Work request: Every line from the one with "-terasa din spate." to the one with "2025 Mercedes-Benz GLB 250 4MATIC", including those two, is to be copied exactly; all other lines of the entries below are left out.

[Short descriptive text snippets]
--- START ---
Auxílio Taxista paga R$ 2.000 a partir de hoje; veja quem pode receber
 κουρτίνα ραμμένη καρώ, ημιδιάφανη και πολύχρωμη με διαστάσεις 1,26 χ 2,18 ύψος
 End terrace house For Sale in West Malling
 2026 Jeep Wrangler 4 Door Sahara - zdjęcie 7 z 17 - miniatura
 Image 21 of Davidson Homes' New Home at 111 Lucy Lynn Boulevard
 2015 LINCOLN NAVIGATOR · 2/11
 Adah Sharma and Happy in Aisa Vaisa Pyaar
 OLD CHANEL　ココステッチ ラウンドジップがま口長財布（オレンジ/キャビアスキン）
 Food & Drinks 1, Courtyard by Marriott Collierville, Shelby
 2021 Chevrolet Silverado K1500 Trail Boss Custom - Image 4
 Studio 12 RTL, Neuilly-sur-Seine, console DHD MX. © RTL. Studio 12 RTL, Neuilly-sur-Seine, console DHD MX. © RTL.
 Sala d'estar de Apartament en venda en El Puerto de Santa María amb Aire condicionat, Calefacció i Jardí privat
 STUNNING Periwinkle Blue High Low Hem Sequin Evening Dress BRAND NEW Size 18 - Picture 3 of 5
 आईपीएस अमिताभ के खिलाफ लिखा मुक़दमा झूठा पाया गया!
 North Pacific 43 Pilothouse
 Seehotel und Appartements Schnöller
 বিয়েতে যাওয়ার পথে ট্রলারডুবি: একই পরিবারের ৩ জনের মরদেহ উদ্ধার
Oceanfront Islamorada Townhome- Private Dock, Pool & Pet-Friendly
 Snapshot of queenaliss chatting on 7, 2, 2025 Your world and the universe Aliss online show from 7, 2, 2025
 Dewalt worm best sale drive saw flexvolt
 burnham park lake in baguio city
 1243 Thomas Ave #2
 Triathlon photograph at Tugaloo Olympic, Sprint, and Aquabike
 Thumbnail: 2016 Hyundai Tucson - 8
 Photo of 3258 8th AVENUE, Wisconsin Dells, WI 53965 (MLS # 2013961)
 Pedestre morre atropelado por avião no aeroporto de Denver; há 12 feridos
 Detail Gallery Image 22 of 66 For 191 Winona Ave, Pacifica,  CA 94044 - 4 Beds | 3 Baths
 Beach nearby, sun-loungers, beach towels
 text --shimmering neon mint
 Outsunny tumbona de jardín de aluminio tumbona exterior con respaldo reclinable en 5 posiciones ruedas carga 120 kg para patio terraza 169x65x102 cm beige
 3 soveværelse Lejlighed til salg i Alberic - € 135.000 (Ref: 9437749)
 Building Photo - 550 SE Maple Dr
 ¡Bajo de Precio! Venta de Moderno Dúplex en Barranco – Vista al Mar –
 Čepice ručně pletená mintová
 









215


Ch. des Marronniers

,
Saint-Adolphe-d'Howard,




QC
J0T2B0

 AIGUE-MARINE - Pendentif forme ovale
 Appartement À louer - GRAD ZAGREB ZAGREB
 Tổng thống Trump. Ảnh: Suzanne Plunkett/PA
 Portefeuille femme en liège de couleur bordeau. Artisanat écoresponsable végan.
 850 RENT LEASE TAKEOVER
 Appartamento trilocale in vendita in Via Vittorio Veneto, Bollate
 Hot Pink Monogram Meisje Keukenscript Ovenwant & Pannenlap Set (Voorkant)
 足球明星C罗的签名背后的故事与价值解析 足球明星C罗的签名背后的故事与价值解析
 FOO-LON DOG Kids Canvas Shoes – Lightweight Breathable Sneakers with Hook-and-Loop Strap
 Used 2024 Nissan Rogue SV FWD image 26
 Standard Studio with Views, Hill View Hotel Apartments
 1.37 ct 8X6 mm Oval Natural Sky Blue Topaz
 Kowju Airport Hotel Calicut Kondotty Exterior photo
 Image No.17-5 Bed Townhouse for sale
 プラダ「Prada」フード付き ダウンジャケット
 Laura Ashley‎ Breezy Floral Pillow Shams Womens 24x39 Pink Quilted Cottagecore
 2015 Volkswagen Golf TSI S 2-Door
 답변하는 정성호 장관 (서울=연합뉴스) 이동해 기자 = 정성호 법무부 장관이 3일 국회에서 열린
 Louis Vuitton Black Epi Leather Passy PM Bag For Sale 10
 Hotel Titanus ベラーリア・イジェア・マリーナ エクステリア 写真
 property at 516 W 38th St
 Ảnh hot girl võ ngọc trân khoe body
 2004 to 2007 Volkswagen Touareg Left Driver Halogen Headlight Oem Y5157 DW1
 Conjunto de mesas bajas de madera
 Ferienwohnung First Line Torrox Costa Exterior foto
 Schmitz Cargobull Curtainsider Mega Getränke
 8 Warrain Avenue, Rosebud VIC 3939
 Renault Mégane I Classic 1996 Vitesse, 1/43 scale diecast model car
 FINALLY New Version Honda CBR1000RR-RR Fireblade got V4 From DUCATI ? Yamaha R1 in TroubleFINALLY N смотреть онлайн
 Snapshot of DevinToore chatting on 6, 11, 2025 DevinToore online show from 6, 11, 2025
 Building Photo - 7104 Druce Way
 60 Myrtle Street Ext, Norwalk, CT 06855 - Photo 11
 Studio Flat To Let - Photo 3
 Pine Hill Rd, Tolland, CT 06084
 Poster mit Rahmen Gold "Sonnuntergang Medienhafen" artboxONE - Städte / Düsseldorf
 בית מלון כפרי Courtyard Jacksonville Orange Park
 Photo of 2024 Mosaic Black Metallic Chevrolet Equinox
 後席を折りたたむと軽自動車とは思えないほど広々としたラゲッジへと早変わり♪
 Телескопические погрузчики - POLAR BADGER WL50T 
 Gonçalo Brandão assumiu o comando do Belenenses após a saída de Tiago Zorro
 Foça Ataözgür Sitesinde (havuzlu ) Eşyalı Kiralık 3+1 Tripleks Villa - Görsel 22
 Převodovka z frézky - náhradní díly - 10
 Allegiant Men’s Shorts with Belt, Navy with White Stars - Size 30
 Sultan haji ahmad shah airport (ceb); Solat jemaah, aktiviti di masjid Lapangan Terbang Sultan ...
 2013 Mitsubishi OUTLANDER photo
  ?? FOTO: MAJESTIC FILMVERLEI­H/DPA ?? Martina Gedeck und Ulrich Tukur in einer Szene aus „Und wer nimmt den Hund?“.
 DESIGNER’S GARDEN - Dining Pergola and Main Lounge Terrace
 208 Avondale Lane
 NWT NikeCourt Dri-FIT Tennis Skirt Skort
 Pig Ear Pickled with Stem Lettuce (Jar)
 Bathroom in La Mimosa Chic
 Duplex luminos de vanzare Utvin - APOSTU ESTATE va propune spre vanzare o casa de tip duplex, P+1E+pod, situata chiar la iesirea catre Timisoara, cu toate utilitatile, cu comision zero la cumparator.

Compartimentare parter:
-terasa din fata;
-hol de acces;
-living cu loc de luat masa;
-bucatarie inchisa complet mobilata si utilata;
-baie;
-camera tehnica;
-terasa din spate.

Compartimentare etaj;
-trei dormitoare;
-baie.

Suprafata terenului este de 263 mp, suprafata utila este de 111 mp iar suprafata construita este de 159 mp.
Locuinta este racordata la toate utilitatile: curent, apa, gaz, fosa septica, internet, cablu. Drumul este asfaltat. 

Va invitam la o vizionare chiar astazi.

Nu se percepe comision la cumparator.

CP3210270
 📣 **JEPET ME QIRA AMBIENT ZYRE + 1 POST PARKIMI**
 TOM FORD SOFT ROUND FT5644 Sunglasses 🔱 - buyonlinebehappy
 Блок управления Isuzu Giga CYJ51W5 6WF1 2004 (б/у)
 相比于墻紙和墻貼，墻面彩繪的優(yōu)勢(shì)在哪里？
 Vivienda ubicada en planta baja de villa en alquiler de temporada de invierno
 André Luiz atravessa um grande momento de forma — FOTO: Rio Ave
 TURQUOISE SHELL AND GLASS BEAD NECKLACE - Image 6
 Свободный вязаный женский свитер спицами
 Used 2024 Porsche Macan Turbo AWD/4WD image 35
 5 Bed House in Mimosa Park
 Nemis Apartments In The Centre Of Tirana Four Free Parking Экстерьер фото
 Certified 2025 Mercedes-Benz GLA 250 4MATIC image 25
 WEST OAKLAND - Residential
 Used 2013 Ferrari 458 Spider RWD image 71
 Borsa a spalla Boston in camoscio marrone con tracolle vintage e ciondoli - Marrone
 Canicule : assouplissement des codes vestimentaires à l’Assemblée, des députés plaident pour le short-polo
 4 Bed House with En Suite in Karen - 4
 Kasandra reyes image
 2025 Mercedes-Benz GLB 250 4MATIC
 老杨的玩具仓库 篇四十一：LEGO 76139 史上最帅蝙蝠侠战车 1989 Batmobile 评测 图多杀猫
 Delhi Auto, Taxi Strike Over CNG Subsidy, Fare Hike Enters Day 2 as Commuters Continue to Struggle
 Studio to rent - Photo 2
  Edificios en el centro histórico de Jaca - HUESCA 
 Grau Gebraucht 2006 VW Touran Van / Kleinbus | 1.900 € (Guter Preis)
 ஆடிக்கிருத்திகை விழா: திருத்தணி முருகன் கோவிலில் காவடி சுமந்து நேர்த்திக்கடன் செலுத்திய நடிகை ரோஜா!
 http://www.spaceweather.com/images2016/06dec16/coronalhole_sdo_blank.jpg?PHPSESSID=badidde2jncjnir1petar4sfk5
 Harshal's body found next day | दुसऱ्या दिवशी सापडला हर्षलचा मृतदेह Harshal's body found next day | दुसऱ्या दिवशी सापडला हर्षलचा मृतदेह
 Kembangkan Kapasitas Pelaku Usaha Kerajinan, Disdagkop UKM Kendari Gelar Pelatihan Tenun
--- END ---
Answer:
-terasa din spate.

Compartimentare etaj;
-trei dormitoare;
-baie.

Suprafata terenului este de 263 mp, suprafata utila este de 111 mp iar suprafata construita este de 159 mp.
Locuinta este racordata la toate utilitatile: curent, apa, gaz, fosa septica, internet, cablu. Drumul este asfaltat. 

Va invitam la o vizionare chiar astazi.

Nu se percepe comision la cumparator.

CP3210270
 📣 **JEPET ME QIRA AMBIENT ZYRE + 1 POST PARKIMI**
 TOM FORD SOFT ROUND FT5644 Sunglasses 🔱 - buyonlinebehappy
 Блок управления Isuzu Giga CYJ51W5 6WF1 2004 (б/у)
 相比于墻紙和墻貼，墻面彩繪的優(yōu)勢(shì)在哪里？
 Vivienda ubicada en planta baja de villa en alquiler de temporada de invierno
 André Luiz atravessa um grande momento de forma — FOTO: Rio Ave
 TURQUOISE SHELL AND GLASS BEAD NECKLACE - Image 6
 Свободный вязаный женский свитер спицами
 Used 2024 Porsche Macan Turbo AWD/4WD image 35
 5 Bed House in Mimosa Park
 Nemis Apartments In The Centre Of Tirana Four Free Parking Экстерьер фото
 Certified 2025 Mercedes-Benz GLA 250 4MATIC image 25
 WEST OAKLAND - Residential
 Used 2013 Ferrari 458 Spider RWD image 71
 Borsa a spalla Boston in camoscio marrone con tracolle vintage e ciondoli - Marrone
 Canicule : assouplissement des codes vestimentaires à l’Assemblée, des députés plaident pour le short-polo
 4 Bed House with En Suite in Karen - 4
 Kasandra reyes image
 2025 Mercedes-Benz GLB 250 4MATIC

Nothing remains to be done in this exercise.